In fact, Parsons scored nine points during the fourth quarter alone.
This second-half turnaround helped save Parsons' grade and Houston's chances at victory.
Overall Grade: C
Minutes Played: 25
4 points, 3 assists, 2 rebounds, 2/6 FG, 0/3 3PT
Donatas Motiejunas didn't play a bad game, per say. With that being said, he was a virtual non-factor during a game in which the Rockets fell behind by as many as 20 points.
Not the right time to play below average basketball.
Motiejunas appeared to be forcing the issue early on, attempting rather ill-advised three-pointers. As a merely average shooter from said area, Motiejunas took three from beyond the arc.
He missed all of them.
Overall, Motiejunas played with good energy and hardly deserves the blame for a near-loss. With that being said, this was an outing in which Houston needed all the help they could find.

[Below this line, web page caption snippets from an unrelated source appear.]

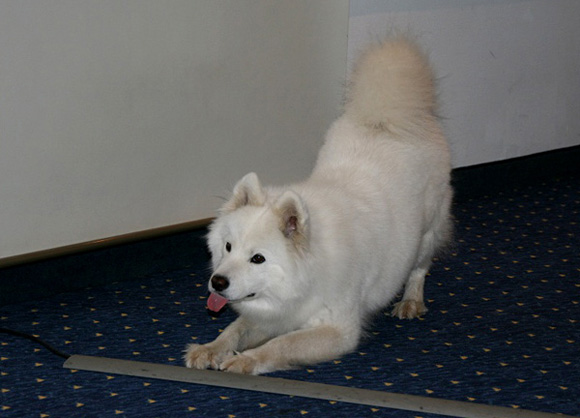 bericht-sommerweiterbildung2011-1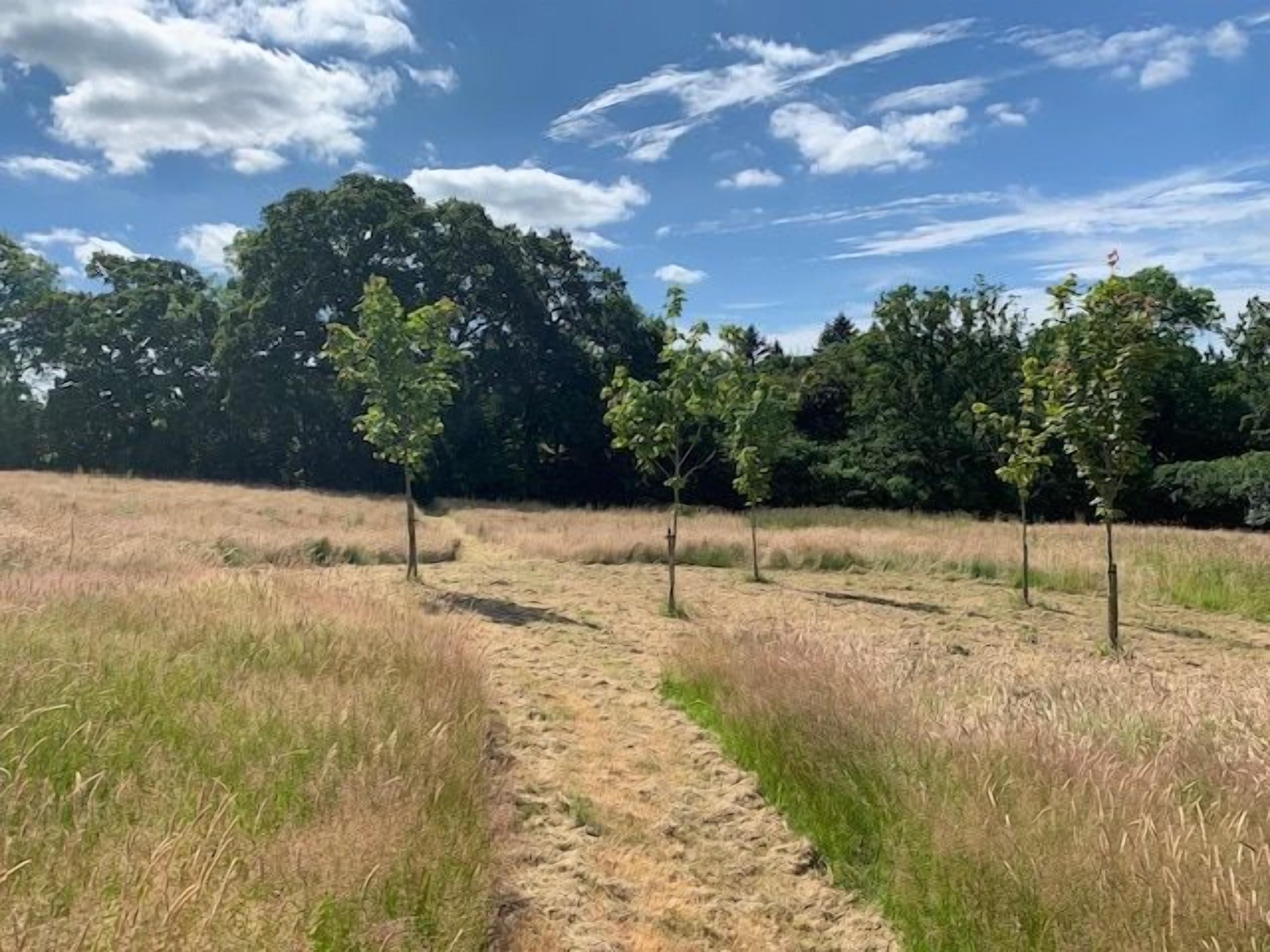 A dirt path leading through a field with young trees and a dense forest in the background.
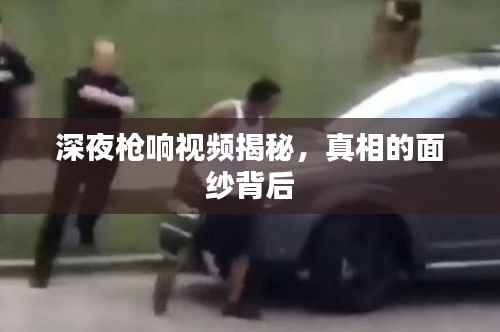 深夜槍響視頻揭秘，真相的面紗背后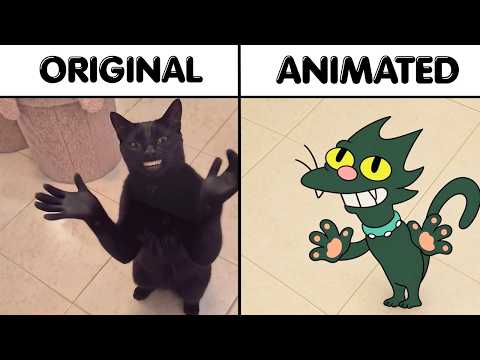Cat Clapping Hand Original vs Meme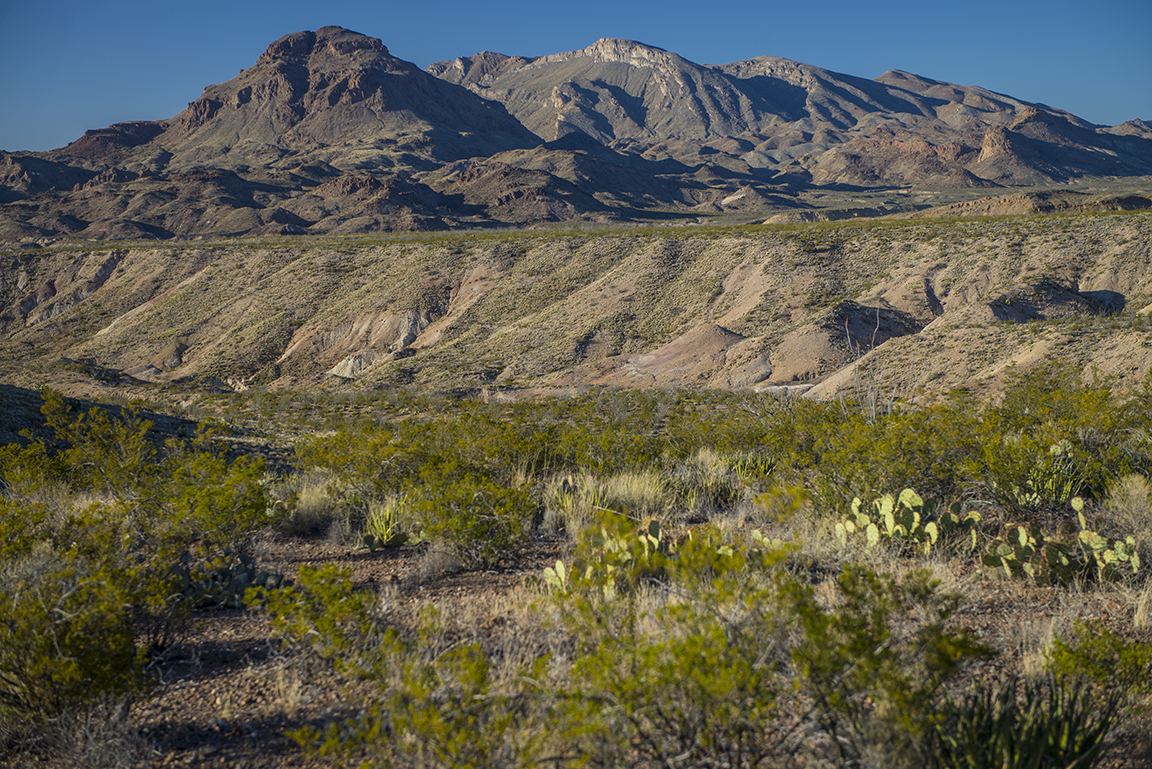 View on the way to Study Butte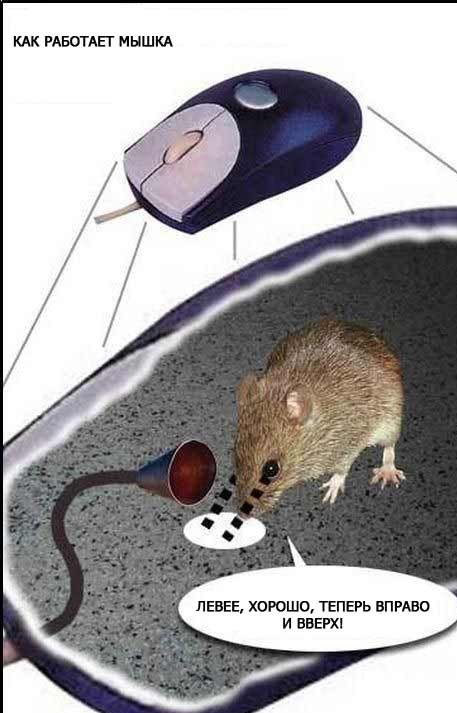 Что такое компьютерная мышь? история, виды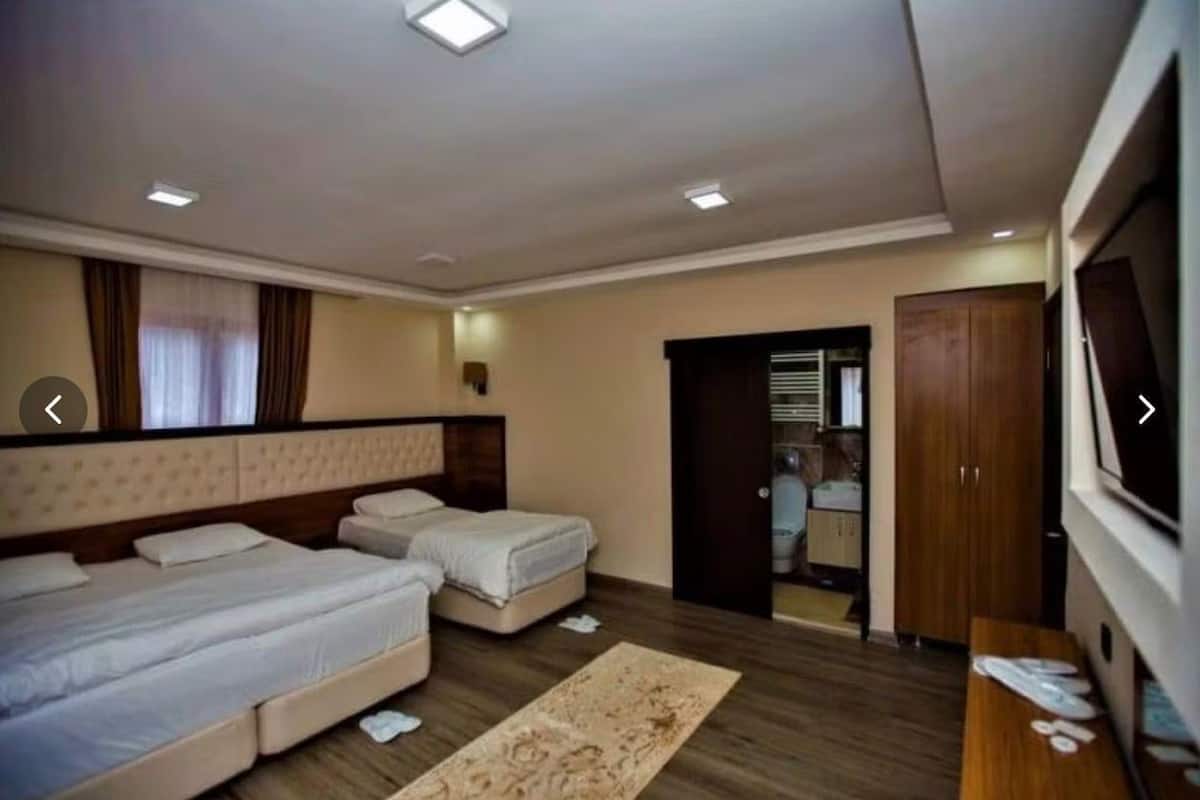 Une chambre avec deux lits, une télévision, une armoire et une salle de bain visible à travers une porte ouverte.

Motiejunas didn't provide much.
Overall Grade: C-
Minutes Played: 23
6 points, 11 rebounds, 1 block, 4 turnovers, 3/7 FG
When you have four turnovers in the first half, it's safe to say that you're struggling. When the player that commits turnovers is a center, it's a whole new level of disaster.
That was the story for Omer Asik, whose rebounding numbers continue to fail in masking his all-around shortcomings.
Asik had trouble stepping out to defend Greg Stiemsma and was routinely sent the other way when attempting field goals. His stone hands also led to those disturbingly high amount of turnovers, as we've seen all season.
Eleven rebounds in 23 minutes may look pretty, but he played a poor game.
Overall Grade: C+
Minutes Played: 29
9 points, 10 rebounds, 2 assists, 1 steal, 1 block, 3/9 FG, 1/5 3PT
Carlos Delfino had your quintessential up-and-down evening. That seems to be the trend with the Houston Rockets' entire team.
Shooting 3-of-9 from the floor and 1-for-5 from beyond the arc is a great way for a sixth man to make a limited contribution. Grabbing 10 rebounds and making key defensive plays down the stretch is a proper form of redemption.
More or less.
Overall Grade: C+
Average +/-: +3.8
Collective Stat Line
23 points, 19 rebounds, 4 assists, 2 steals, 1 block
As a whole, the Houston Rockets' second unit was rather lackluster. The team managed to score just 23 points and performed more in isolation-style ball than a team-oriented approach.
Truth be told, they didn't have much time to contribute in the first place—only two reserves topped 10 minutes.
Fortunately, Greg Smith managed to finish with quite an impressive outing. In 22 minutes, Smith tallied 12 points and four rebounds on 5-of-7 shooting.
Ten of those points came during the fourth quarter. That includes a furious dunk which put this game away.
If only the rest of the second unit joined him.